Meeting with Trâm Vo, Data Wrangler

Published on 14/04/2021

Data & AI Stories, meet the expert: what is a Data Wrangler?

 
Trâm Vo
 

Data and artificial intelligence (AI) are the cornerstones of our digital transformation strategy and support our three strategic priorities: client centricity, operational efficiency and responsibility. Today, with a portfolio of more than 250 Data and AI use cases in production, we are confirming our ability to transform ourselves.

The challenge for Societe Generale is now to accelerate this transformation, in particular by relying on multi-disciplinary teams of experts, capable of rapidly building effective and value-creating Data & AI solutions.

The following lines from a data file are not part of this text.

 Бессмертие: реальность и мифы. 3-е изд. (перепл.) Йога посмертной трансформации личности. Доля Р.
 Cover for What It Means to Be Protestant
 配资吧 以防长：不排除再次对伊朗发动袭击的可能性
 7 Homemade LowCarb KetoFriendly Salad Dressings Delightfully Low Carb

These are the experts we have chosen to introduce to you in order to understand their jobs, discover their career paths and how they are participating in the digital transformation underway within our Group. Following Marion Cabrol, Data Scientist at the Investment Banking Digital Office, we met with Trâm Vo, Data Wrangler on the Model and Data Science team of the Risk Department.

Trâm, how would you explain your job “for dummies”?

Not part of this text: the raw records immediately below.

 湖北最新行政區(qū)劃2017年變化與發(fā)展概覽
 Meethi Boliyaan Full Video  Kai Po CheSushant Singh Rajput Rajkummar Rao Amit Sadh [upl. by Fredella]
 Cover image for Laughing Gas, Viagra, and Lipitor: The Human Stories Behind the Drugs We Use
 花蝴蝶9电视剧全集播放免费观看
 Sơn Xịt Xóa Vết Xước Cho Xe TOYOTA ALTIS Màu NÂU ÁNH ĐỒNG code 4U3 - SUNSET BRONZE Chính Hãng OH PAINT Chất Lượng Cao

The Wrangler is a cowboy, the one in charge of gathering his herd. The Data Wrangler is therefore the expert who gathers heterogeneous data to transform it and arrange it in standardised databases for specific business uses: reporting with large volumes of heterogeneous data, data mapping to meet business needs, reference data sets for modelling and research on big data.

How did you become a Data Wrangler?

Before becoming a Data Wrangler, I was a credit analyst in the back office of a retail bank in France and then internationally. I was in direct contact with clients, a position I held for 10 years, which enabled me to acquire banking knowledge that went far beyond granting credit.

Because I was handling a lot of data, I realised that the means at our disposal needed to be improved to make our decision-making in granting credit more fluid. This observation made me want to understand the data cycle from its source, its supply, but also to contribute to its better use.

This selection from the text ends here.